İşlem ile birlikte artan metalloproteinaz sayesinde lekelerde azalma, keratinositleirn aşırı
çoğalmasını düzenleyerek aknenin azalmasını sağlayabilir. İğnelerin açtığı kanallar aracılığı ile
tedavi edici maddelerin, PRP sıvısının deriye geçişleri kolaylaştırılabilir. Dolayısı ile
mikroiğneleme yara izi, akne izi, çatlak, saç dökülmesi, keloid tedavilerinde kullanılabilir.
Bunların dışında aktinik keratoz, foto yaşlanma, rozasea, akne sonrası kızarıklık, koltuk altı
terlemesi ve deri laksisitesi tedavilerinde olumlu sonuçlar alınmış.
İşlem öncesinde anestezik krem uygulanır ve bir süre bekletilir. Cildinin temizlenmesinin
ardından aynı bölgede ileri geri hareketler ile deri yüzeyinde kontrollü kanallar açılır.
Uygulama sırasında toplu iğne başı büyüklüğünde kanamalar görülür ancak bunlar 2 saat
kadar süre içinde kapanır. Kullanılan mikroiğneleme aleti uygun şekilde steril edilerek
kaldırılır. Cilt yüzeyinde işlemden hemen sonra ve birkaç gün de devam edebilen kızarıklık,
ertesi gününden itibaren kabuklanma görülebilir. Bu kabuklanmaların kendiliğinden
iyileşmesine izin verilmelidir. 3-8 hafta aralıklar ile tedavi seansları tekrarlanabilir. Tedavi
süresince ve sonrasında güneşten korunmak yaz-kış önemlidir.

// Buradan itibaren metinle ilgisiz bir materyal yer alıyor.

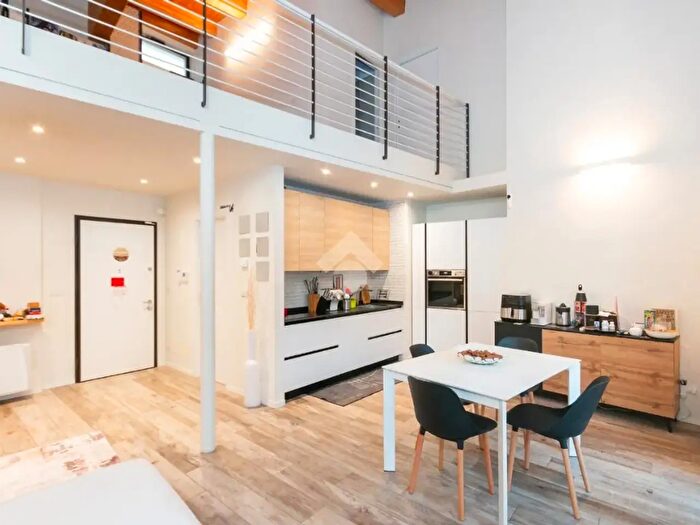 Appartamento quadrilocale in vendita in Via Tolmino, Torino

Dermapen mikroiğneleme işleminin tek kullanımlık daha küçük başlıklar ile hızlı şekilde
yapılamasına olanak sağlayan bir alettir. Hassas bölgelerde kullanım kolaylığı ve daha az ağrılı
olması nedeniyle tercih edilmekle birlikte daha maliyetlidir.
Mikroiğneleme işleminin uygunluğu hekim tarafından değerlendirilerek karar verilir. Seans
sayısı ile tedavi sonucu kişiden kişiye ve yapılma amacına göre farklılık gösterebilir.